*** Block opens ***
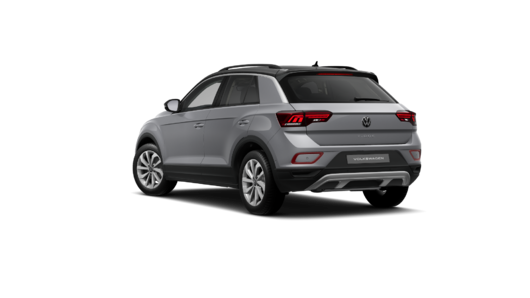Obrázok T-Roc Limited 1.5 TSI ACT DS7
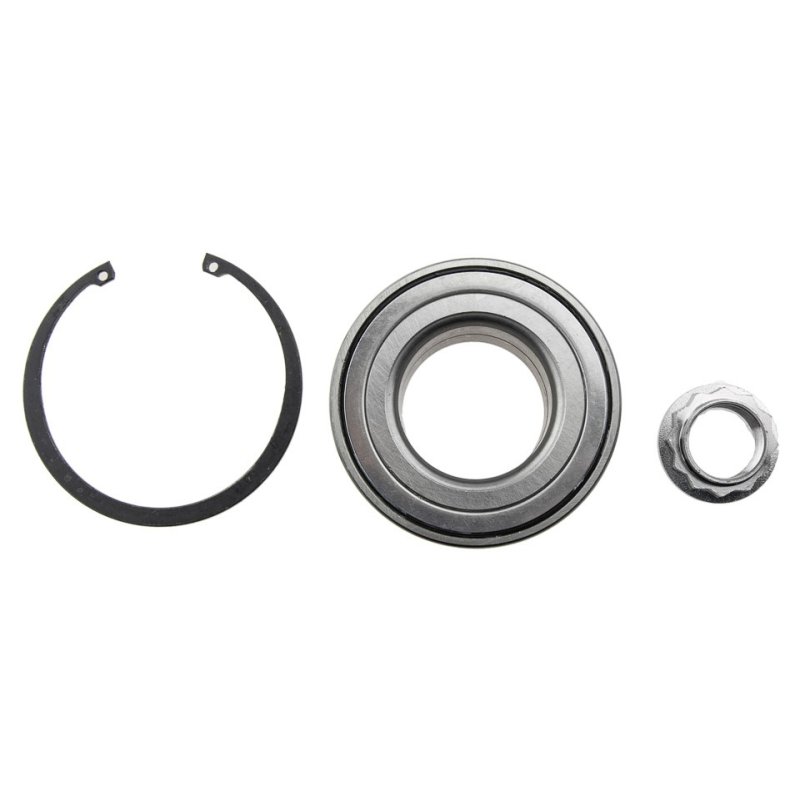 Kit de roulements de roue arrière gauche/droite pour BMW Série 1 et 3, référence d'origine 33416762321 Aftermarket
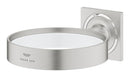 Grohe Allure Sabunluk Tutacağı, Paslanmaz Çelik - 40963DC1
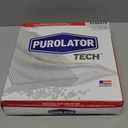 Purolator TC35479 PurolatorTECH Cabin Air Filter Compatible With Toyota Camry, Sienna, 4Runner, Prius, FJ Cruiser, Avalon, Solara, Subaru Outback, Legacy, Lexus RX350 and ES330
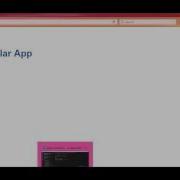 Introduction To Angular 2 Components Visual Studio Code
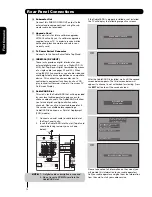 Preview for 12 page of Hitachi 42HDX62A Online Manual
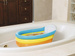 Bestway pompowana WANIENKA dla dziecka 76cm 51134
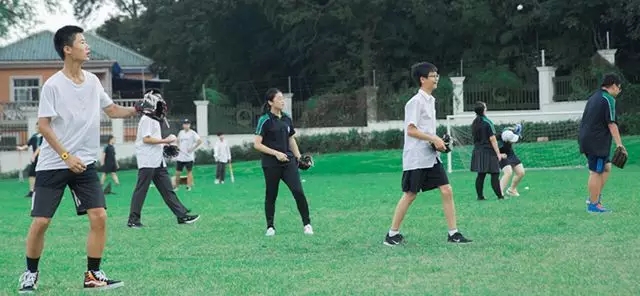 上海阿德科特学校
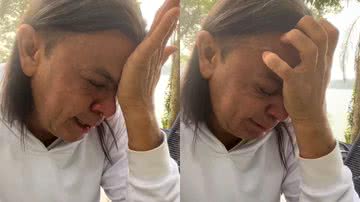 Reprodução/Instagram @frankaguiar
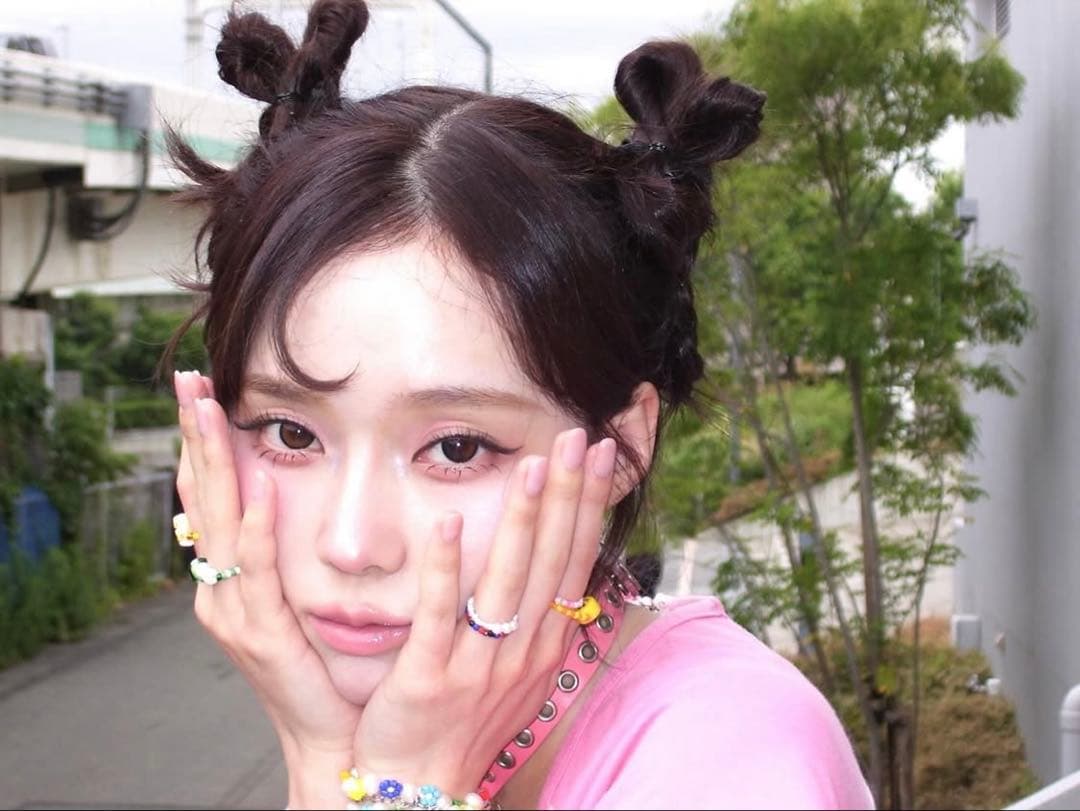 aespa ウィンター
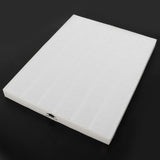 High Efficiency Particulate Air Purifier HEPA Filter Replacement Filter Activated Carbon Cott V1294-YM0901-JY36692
*** Block closes ***
*** Block opens ***
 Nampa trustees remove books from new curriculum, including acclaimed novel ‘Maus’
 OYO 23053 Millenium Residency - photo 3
*** Block closes ***
_WHAT THE TASK REQUIRES:_
Leave the pictures out. Output, exactly, the lines of the material above starting at the line containing "aespa ウィンター" and ending at the line containing "High Efficiency Particulate".

_YOUR SOLUTION:_
 aespa ウィンター
 High Efficiency Particulate Air Purifier HEPA Filter Replacement Filter Activated Carbon Cott V1294-YM0901-JY36692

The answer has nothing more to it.